Extremists make money off taxpayer funded YouTube ads
The Cabinet Office has responded by suspending millions of pounds in marketing money.
The suspension follows concerns raised by government departments, big brands, and media outlets that their ads are appearing on the video channels of bigots, homophobes, and white supremacists.
An investigation by the Times showed that ads for blood donations and military recruitment, paid for by taxpayers, are earning money for video bloggers with extremist views at a rate of about £8 ($10) every thousand views.
These include Steven Anderson, a pastor who has praised the killing of gay people and Michael Savage, who the Times describes as a “homophobic shock-jock.”
Anderson was banned from entering the UK last year for referring to gay people as “sodomites, queers and f*****s.”

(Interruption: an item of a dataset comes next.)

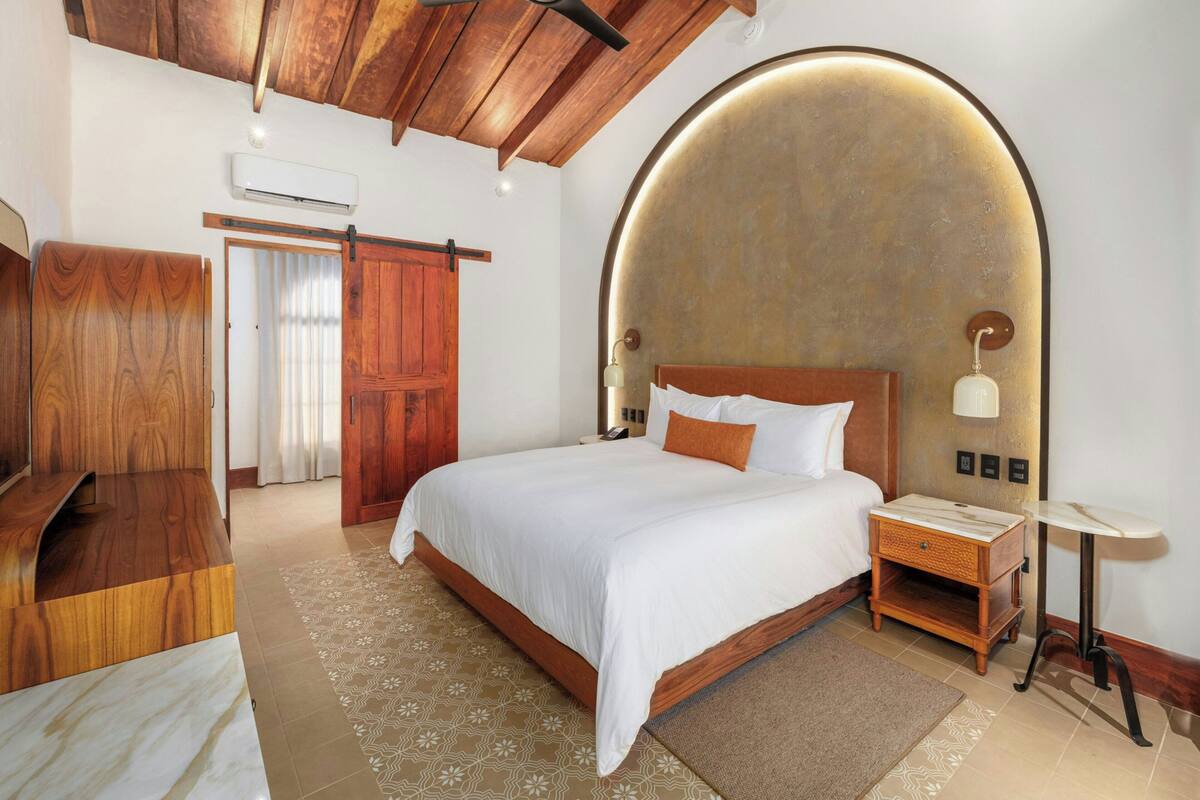 Quarto com uma cama grande, cabeceira de madeira, mesa de cabeceira e luminária fixada na parede.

Both reportedly had videos bearing advertising from the Home Office, the military, the BBC, and Transport for London.
The government suspended advertising on Thursday, citing “pending reassurances.” Channel 4 stopped its ads, saying it was not satisfied that YouTube was “a safe environment.”
Brands like the Guardian, L’Oréal, Argos, and Sainsbury’s have also pulled ads from the video platform.
“Google is responsible for ensuring that the high standards applied to government advertising are adhered to and that ads do not appear alongside inappropriate content,” a government spokesman told the Times.
“Google has been summoned for discussions at the Cabinet Office to explain how it will deliver the high quality of service that government demands on behalf of the taxpayer.”
Labour MP Chuka Umunna, who sits on the Home Affairs Committee, told the paper the situation is intolerable.
“Multimillion-dollar social media companies with ample funds are simply not investing nearly enough in taking proactive action to stop extremist content from appearing and to stop it being monetised,” he said.“Profit comes first for these people,” he added.